January 10, 2024 grimmfest

One of the joys of working on a film festival is the chance to introduce our audience to exciting new filmmaking talents, to dazzle them with cinematic visions that challenge and provoke, to show them things they have never seen before. And the chance, too, for us, and our audience, to meet and spend time with some of those talents. One of the films we were most excited to be premiering at Grimmfest in recent times was the truly astonishing steampunk fantasy, MOON GARDEN, a film we hailed at the time as destined to join the pantheon of those much-loved not-quite-children’s films that open up the eyes and the mind to the possibilities of cinema and, once encountered, stay with us forever.

We were delighted to be joined for the screening by the film’s brilliant core creative team, Writer-Director Ryan Stevens Harris, and producer John Michael Elfers, and to hear their extraordinary stories of how the film came about, their hands-on approach to every aspect of the process, the sheer joy they both had for their work, the challenges they set themselves in creating a huge movie on a shoestring budget. We knew at once that we were in the presence of a filmmaking team that would continue to create visionary cinema, very much on their own terms, and with their own distinct voice.

So it was both shocking and heartbreaking to hear of the recent passing of John Michael Elfers from a rare form of cancer, late last year, at the age of only 40. He cut a memorable figure, with the style and swagger of a rockstar, but what was most striking was how immediately warm and friendly and approachable he was.
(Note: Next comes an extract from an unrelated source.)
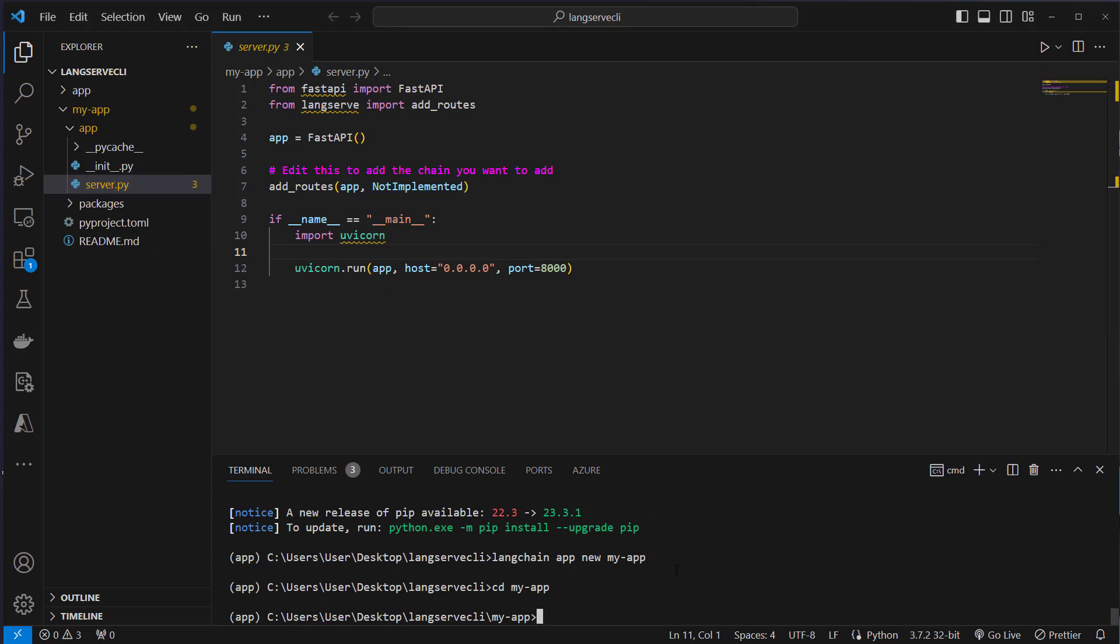But first let's add a template. We can again use the LangChain CLI, so we use LangChain and then app and then add. Add adds a package and we make use of the pirate speak template.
He was a man with so much energy, bubbling over with enthusiasm for the art and the pure pleasure of cinema, with a real love for those aspects of the craft – practical effects, shooting on film – that are gradually being lost, and with them some of the magic.

This is evident not simply in his remarkable creative collaboration with Ryan Stevens Harris, in the commitment he had, for example, in tracking down aging filmstock to achieve the visual texture they were both seeking, but equally so in his own feature film debut, FINALE (2009), which utilises entirely practical, in-camera effects, including tricks taken from old school stage magicians, and is shot on Super 16 mm to obtain the right grainy retro-70s look. Such dedication to detail is rare indeed, and that we should lose a filmmaker with so much of it, so much drive and energy and wild talent is devastating.

Our condolences to all of John’s family and friends and colleagues, and of course to Ryan Stevens Harris, his creative and business partner.

R.I.P., John Michael Elfers. You will be greatly missed.